La liberté de la presse en jeu
La détention du journaliste a, dans tous les cas, suscité une vague de critiques de la presse et de la société civile à l’égard des autorités. Le Sénégal est volontiers loué par ses partenaires pour ses pratiques démocratiques, mais les défenseurs des droits humains nuancent cette appréciation. Le Sénégal est 73e sur 180 au dernier classement sur la liberté de la presse établi par Reporters sans frontières. Le pays a perdu 24 places par rapport à 2021. Mais surtout, soulignent les organisations, le délit de presse est toujours en vigueur malgré les engagements internationaux du Sénégal. Le ministre de la Communication assurait pourtant en novembre dernier que « la liberté de la presse est garantie au Sénégal », soulignant qu’« il ne faut pas confondre liberté de la presse et anarchie ».

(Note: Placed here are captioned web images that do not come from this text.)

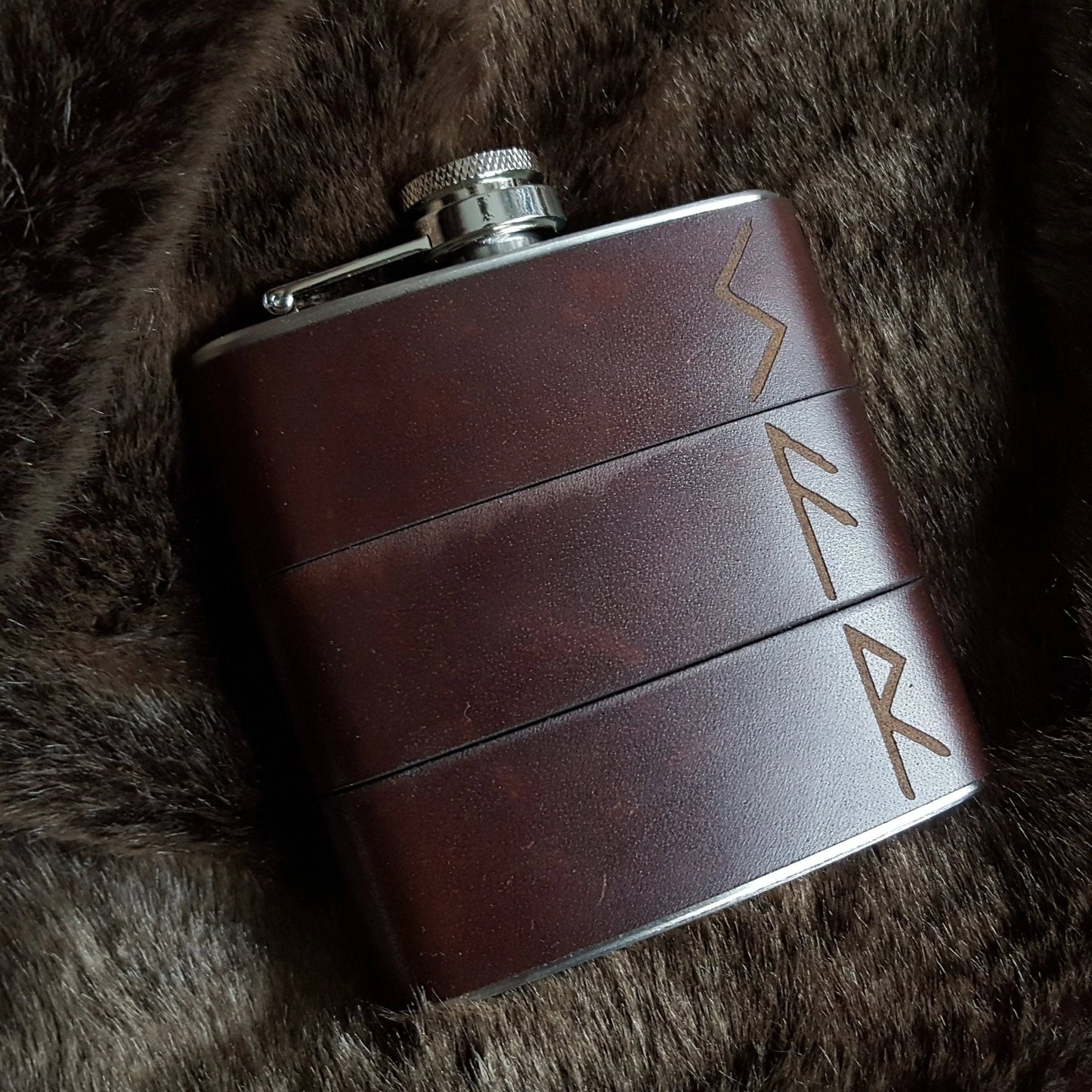 The Viking Rune Hip Flask featuring the norse runes engraved onto the .flask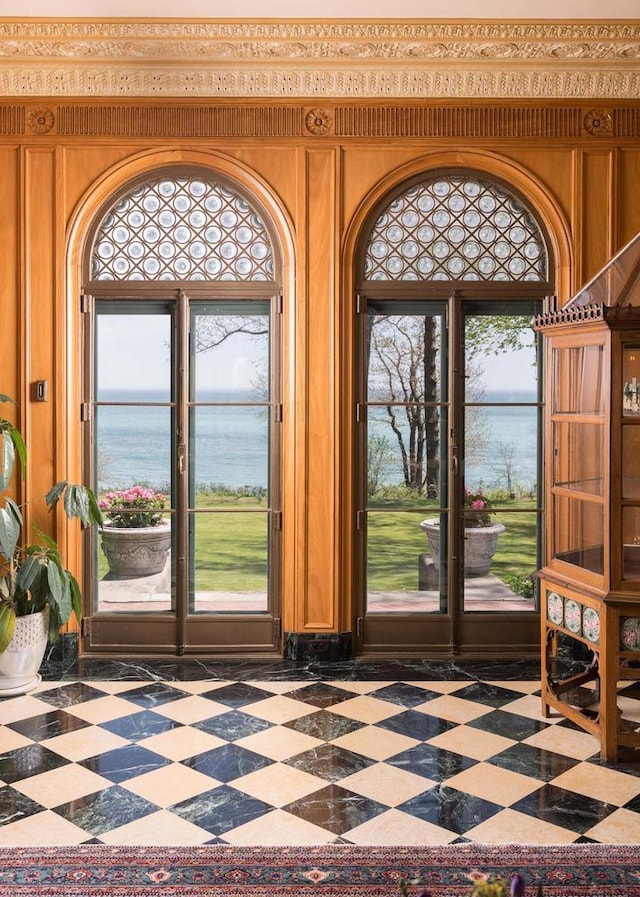 3432 N Lake Dr, Milwaukee, WI 53211 - entryway featuring a water view, plenty of natural light, and tile patterned floors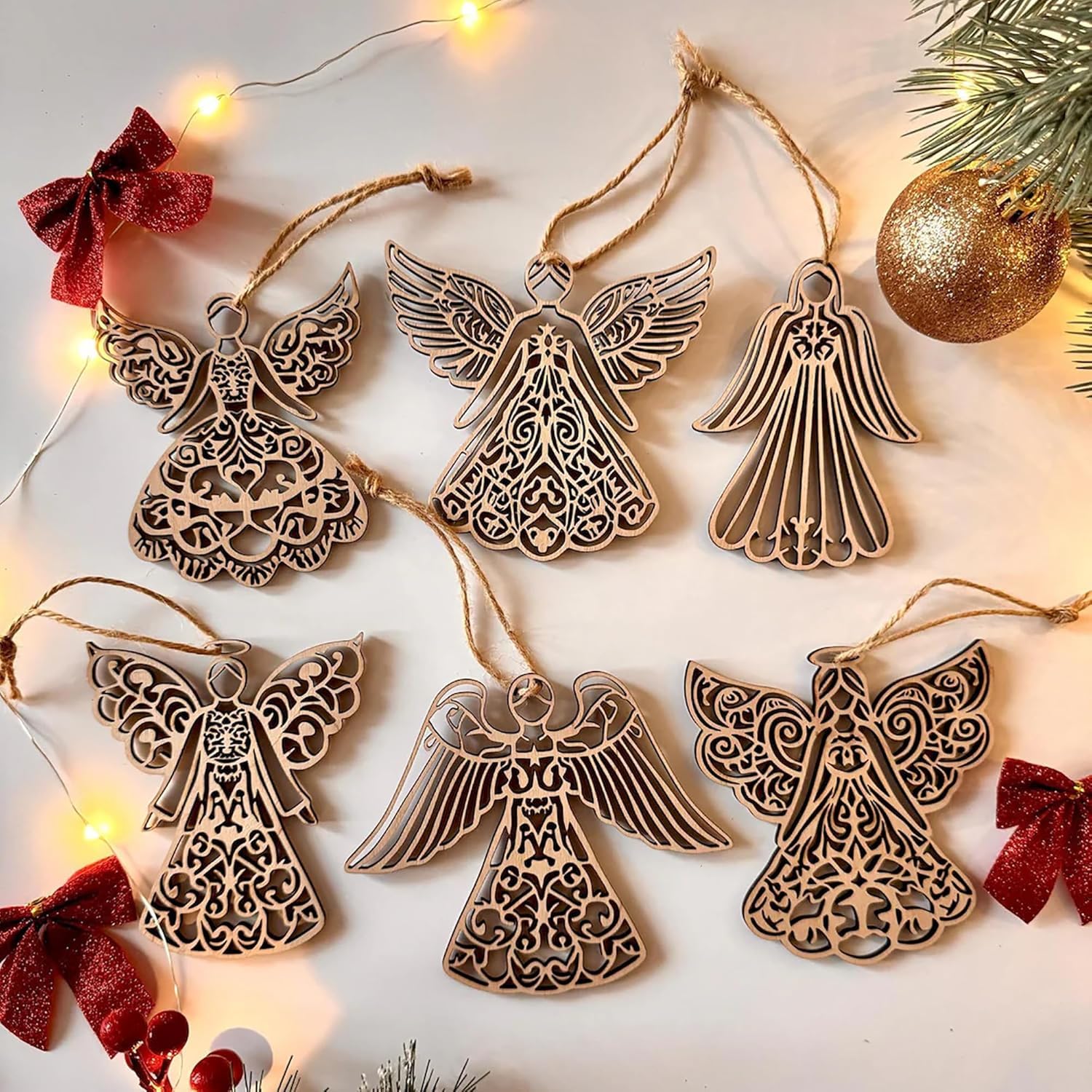 Decorative angel ornaments with intricate designs on a light background with string lights and red bows.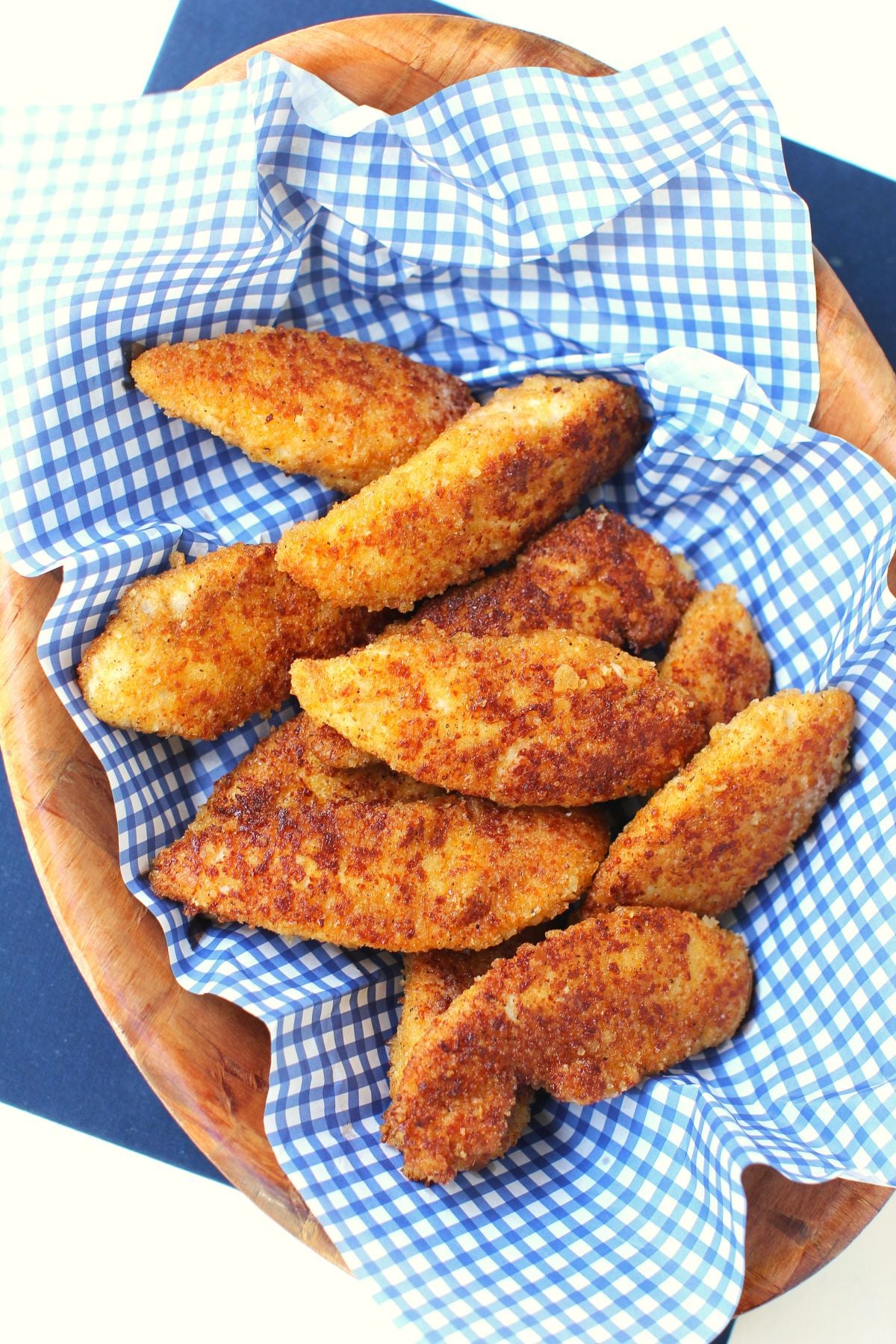 Cheesy chicken fingers in an oval wooden bowl lined with white and blue checked paper.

Des propos qui n’ont pas rassuré : presque trois mois plus tard, la mobilisation reste forte. « Libérez Pape Alé (Niang) », ont scandé lors d’un nouveau rassemblement mercredi une centaine de manifestants au siège de la Maison de la presse à l’initiative de la Coordination des associations de presse (CAP), une confédération syndicale. « Nous réclamons la libération immédiate de Pape Alé Niang, maintenu en détention au péril de sa vie », a déclaré Momar Diongue, un des intervenants, en présence d’hommes de médias, de responsables de la société civile et de l’opposition.

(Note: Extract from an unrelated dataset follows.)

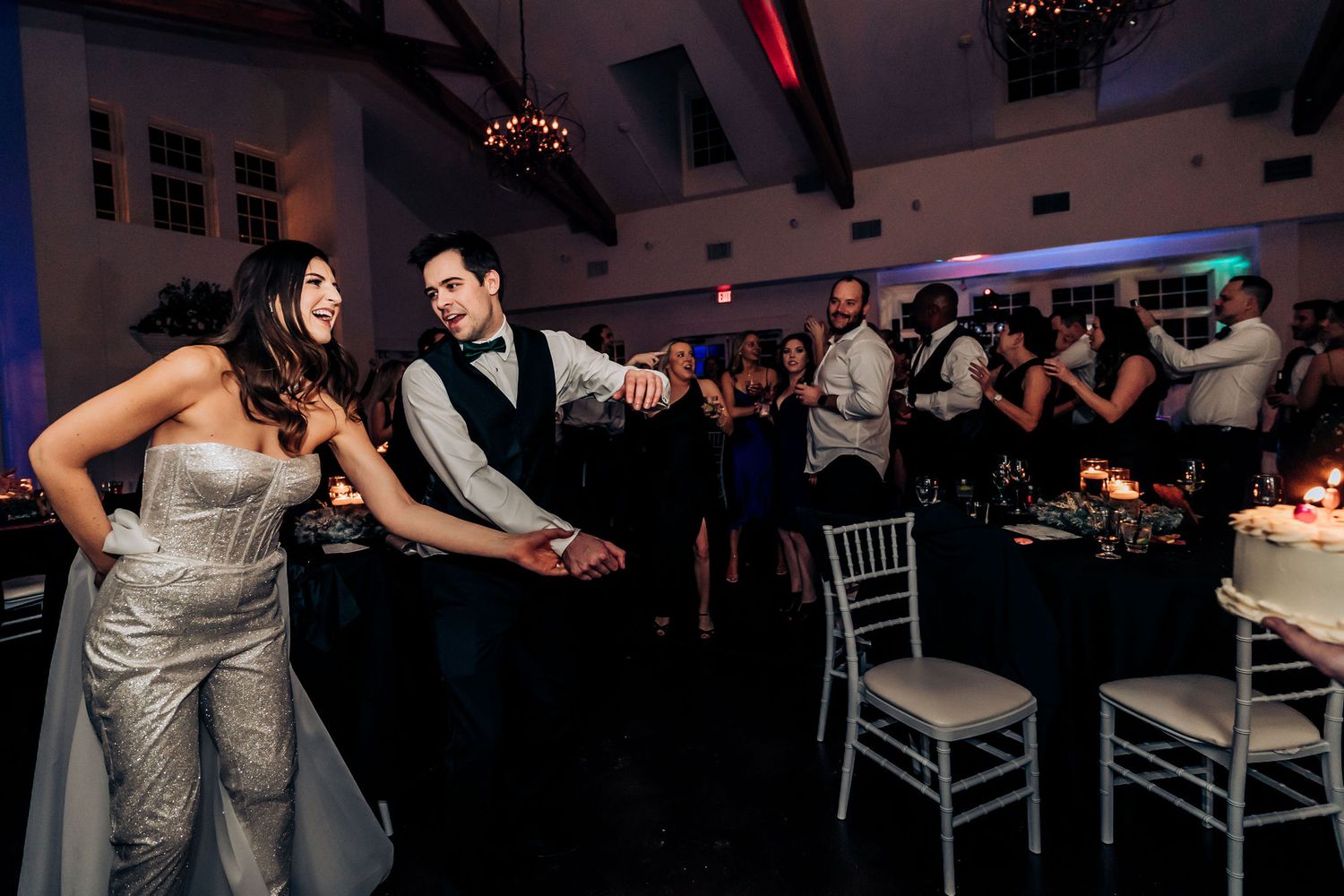 Couple enjoying a fun dance moment during their reception celebration.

Pape Alé Niang est « extrêmement éprouvé » par sa grève de la faim. « Je prie pour que l’irréparable ne se produise pas », a affirmé lundi à l’AFP un de ses avocats, Moussa Sarr. Le député d’opposition et activiste Guy Marius Sagna a affirmé que « le combat » pour la libération du journaliste est celui de « tous les citoyens sénégalais », parce que « c’est la liberté qui est en danger au Sénégal ». Ousmane Sonko a écrit sur Twitter : « Nous suivons de très très près la situation du journaliste Pape Alé Niang par les sources autorisées. Sa santé se dégrade de jour en jour, et ce, de manière accélérée. Il nous est revenu qu’il refuse désormais de se faire perfuser et a décidé de poursuivre sa grève de la faim. » Pape Alé Niang « ne doit pas être la cible d’une stratégie visant à étouffer la liberté de la presse au Sénégal », a déclaré à l’AFP Sadibou Marong, responsable de Reporters sans frontières (RSF) en Afrique de l’Ouest, présent à la manifestation.
Dans un message publié mardi, le journaliste a déclaré vivre « de manière stoïque l’abominable épreuve qu’on [lui] inflige pour un dessein non encore avoué ». Pape Alé Niang encourt une peine de cinq ans de prison.